Avec son roman Batouala, sous-titré Véritable roman nègre, paru en 1921 chez Albin Michel, René Maran lance un gros caillou dans le marigot du fait colonial. Il obtient le Goncourt face, notamment, à Jacques Chardonne et déclenche un bel et durable esclandre. Ainsi peut-on lire dans Le Petit Parisien du 15 décembre 1921 ces propos cinglants, dont le racisme affiché fait froid dans le dos : « M. René Maran, administrateur colonial, domicilié à Fort-Archambault, à deux journées de marche du lac Tchad, au milieu de Noirs qui lui ressemblent comme des frères, a reçu hier le prix Goncourt. […] C’est la première fois que les Noirs jouent et gagnent […] ; sa grande qualité de nègre […] a séduit les dix de l’Académie Goncourt épris de couleur et d’étrangeté. »

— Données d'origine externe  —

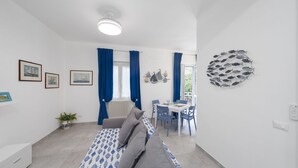 A modern room with a bed, a dining table, chairs, a radiator, and a wall art piece. - Charlie 89 Modern Apt with A/C in the center (Monterosso al Mare)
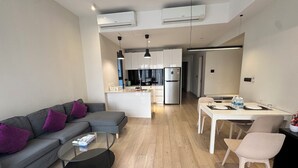 A modern apartment with a grey sofa, a round coffee table, a dining area with a white table and chairs, a kitchen with white cabinets and a refrigerator, and two air conditioning units on the ceiling. - Star Residence Klcc By JR Kuala Lumpur (Kuala Lumpur)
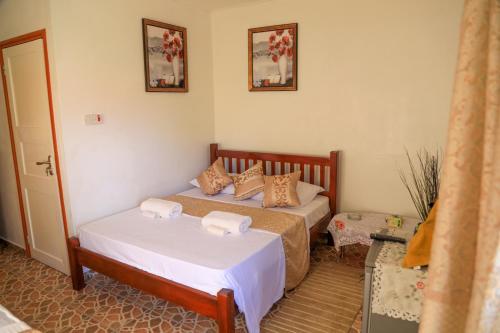 a bedroom with two beds in a room at Dream Holiday Self Catering in La Digue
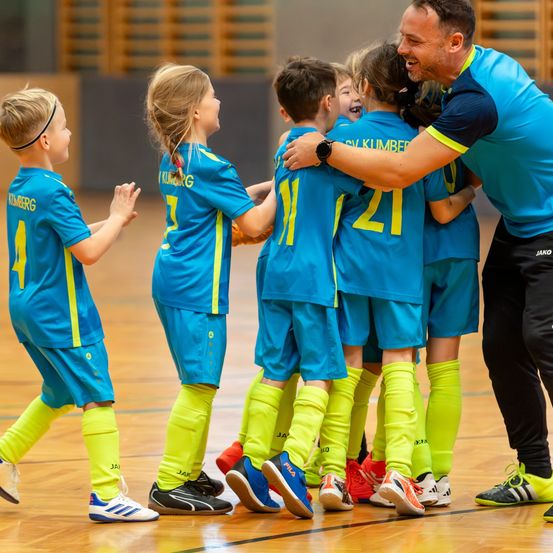 Eine Gruppe von Kindern in blauen und gelben Uniformen feiert auf einem Basketballplatz. Ein Trainer umarmt ein Mädchen.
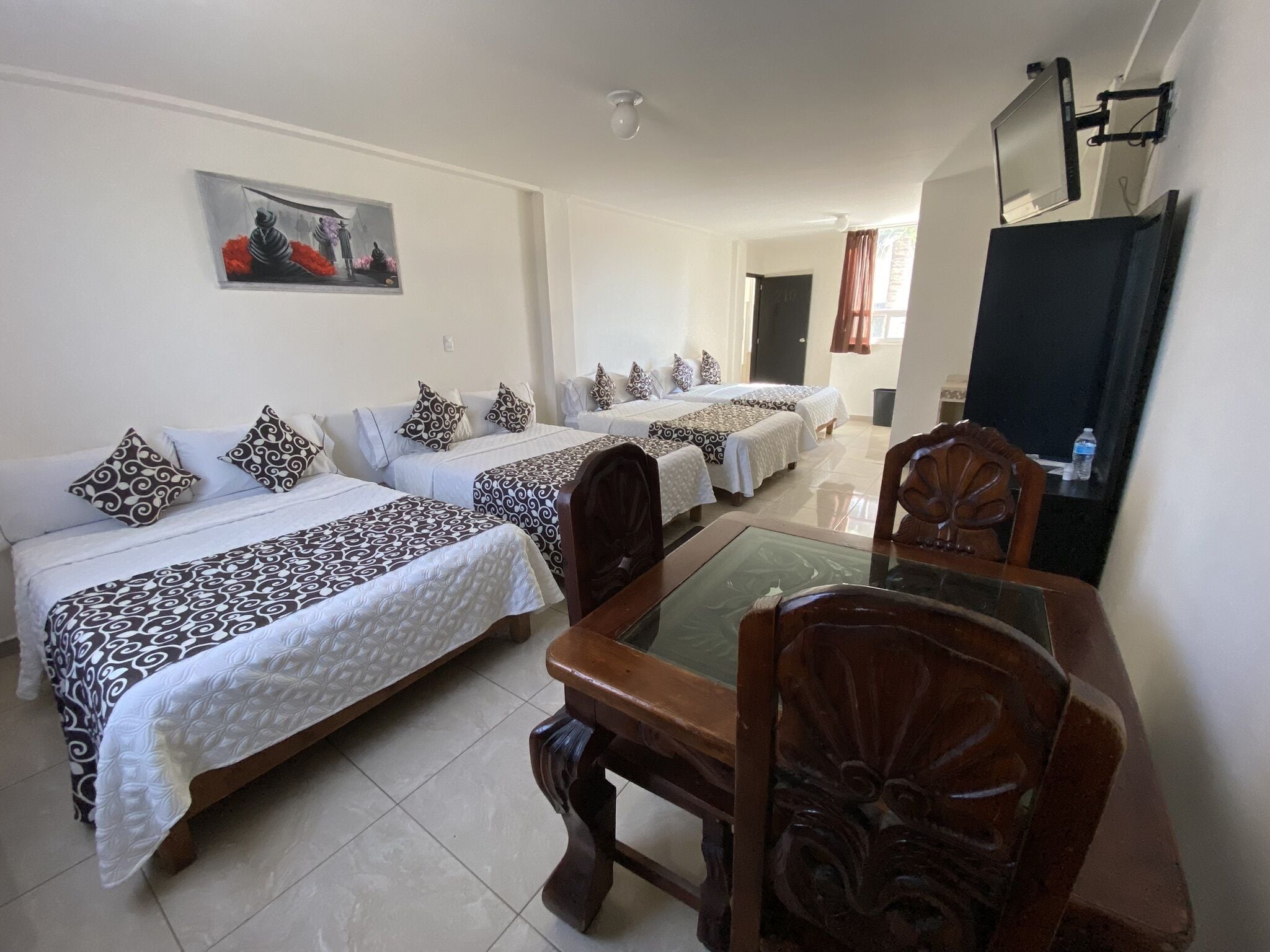 A hotel room with two single beds, a dining table with chairs, a painting on the wall, and a TV mounted on the wall.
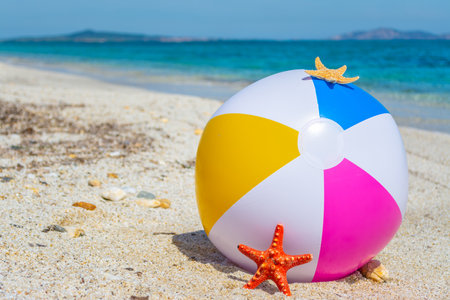 Beach ball by the sea in summerの写真素材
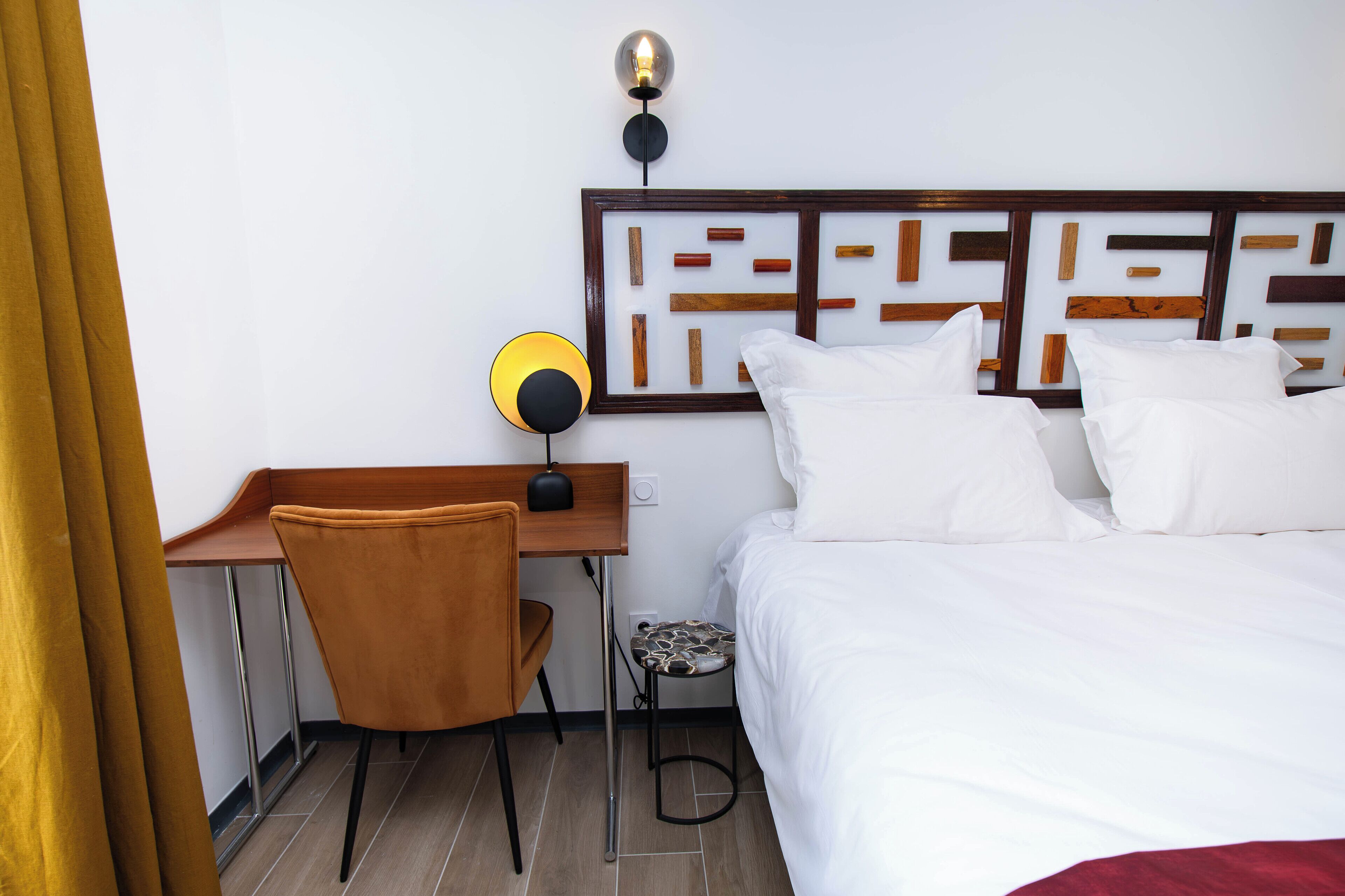 A hotel room with a bed, a desk, a chair, and a wall-mounted lamp.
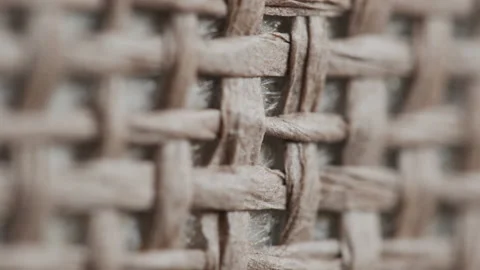 Shallow DOF pulling focus between wicker mesh 4K video Stock Footage 169745068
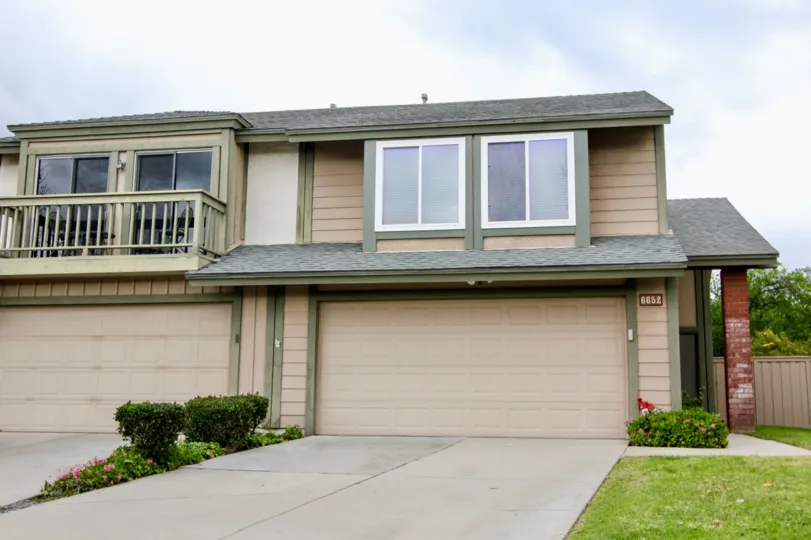 A two story Charter Hill apartment with garages on a cloudy day.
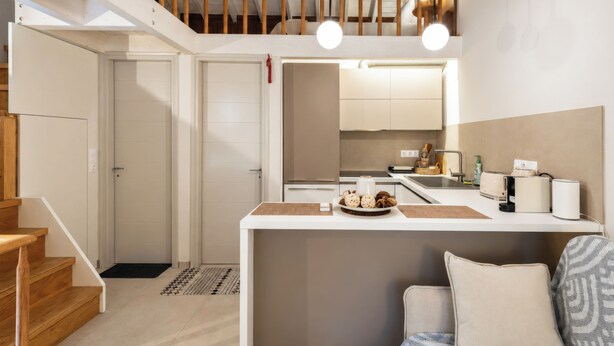 A modern kitchen with a central island, wooden staircase, and a loft area with exposed beams. - Laena Apartment by All About Paxos (Gaios)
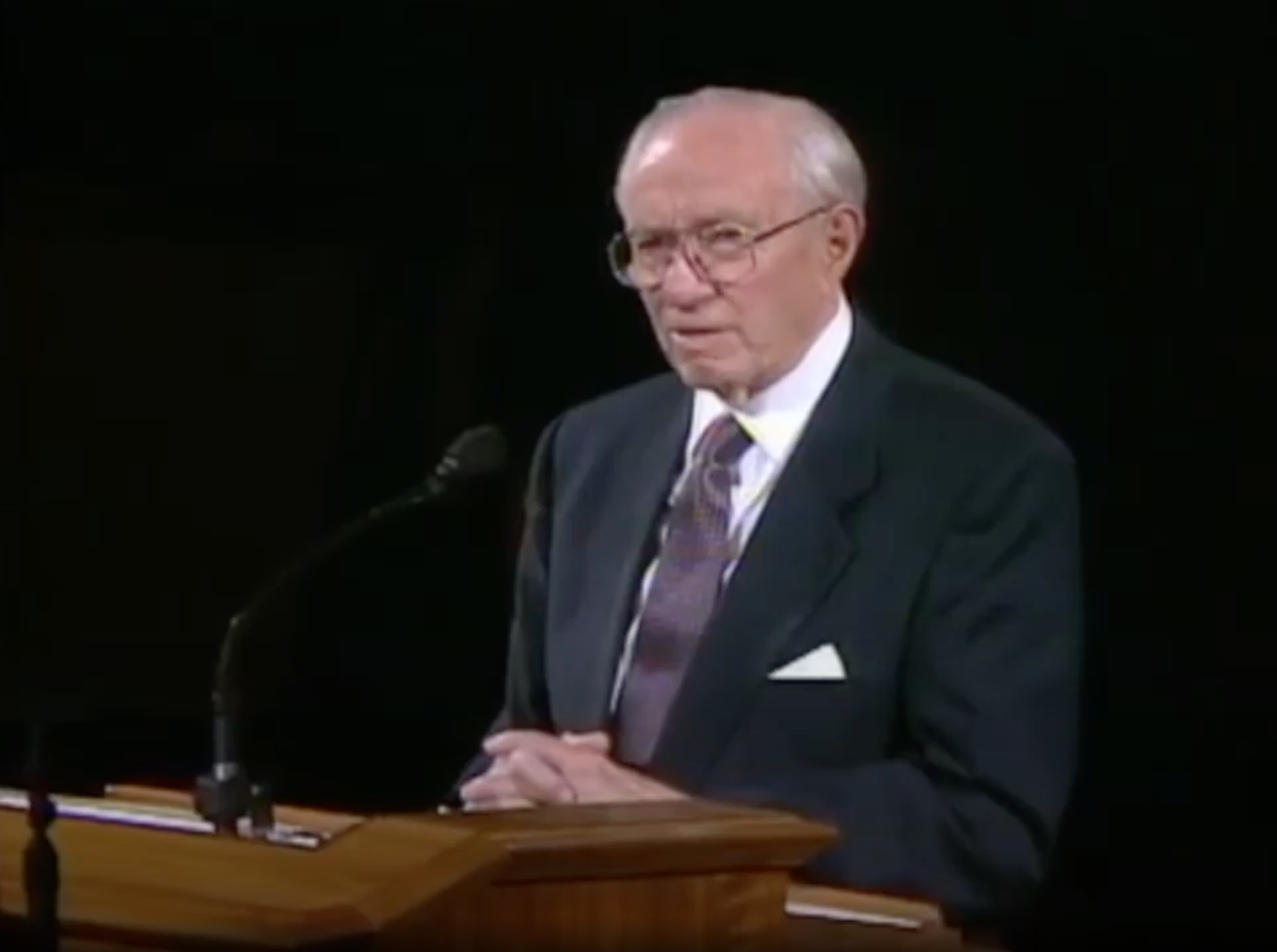A capture of a video broadcast showing President Gordon B Hinckley at the pulpit in front of a black background reading the Family Proclamation for the first time as part of his message at the General Relief Society Meeting held September 23, 1995, in Salt Lake City, Utah.
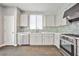 Updated kitchen featuring stainless steel appliances, tile backsplash, and ample counter space at 5575 Cresent Valley St, Las Vegas, NV 89148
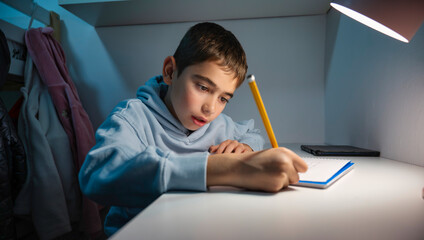 Young boy concentrating while writing in a notebook at his bedroom desk under a white lamp, during a quiet moment of studying and doing homework in the evening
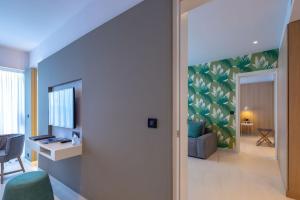 a living room with a desk and a television in a room at Skiathos Palace Hotel in Koukounaries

À la lecture de Batouala, qui suit l’itinéraire et les réflexions d’un grand chef du pays banda sur le déclin, on perçoit bien ce qui a captivé les jurés : l’originalité intrépide de Maran, son style poétique allié à des qualités d’observation précises du terrain, au sens ethnographique du terme, comme en témoigne cette  somptueuse description de la brousse : « L’air frais vient, fuit, revient, caresse. Et produisent les arbres un musical frisselis de mille feuilles mouillées. Et frémissent les cimes des hauts fromagers. Et, entre-choquant leurs longues tiges flexibles, les bambous longuement gémissent. » Le roman apporte sur la colonisation un regard critique, d’abord dans la préface qui en est une vive dénonciation, mais également au sein du récit lui-même, notamment à travers le point de vue du personnage éponyme, Batouala. Maran adopte, pour décrire les Blancs et leurs curieuses manies, une distance souvent comique : « […] se garantir les yeux de verres blancs ou noirs, ou couleur de ciel, par beau temps, ou couleur ventre de gendarme ! Mais se couvrir la tête de petits paniers ou de calebasses d’espèce singulière, voilà, N’Gakoura ! qui tourneboulait l’entendement. »

Batouala ressort cet automne dans une édition préparée et augmentée par Stéphane Barsacq, avec une préface de l’académicien Amin Maalouf, lui-même prix Goncourt en 1993. Gageons que ce roman centenaire agitera à nouveau les esprits.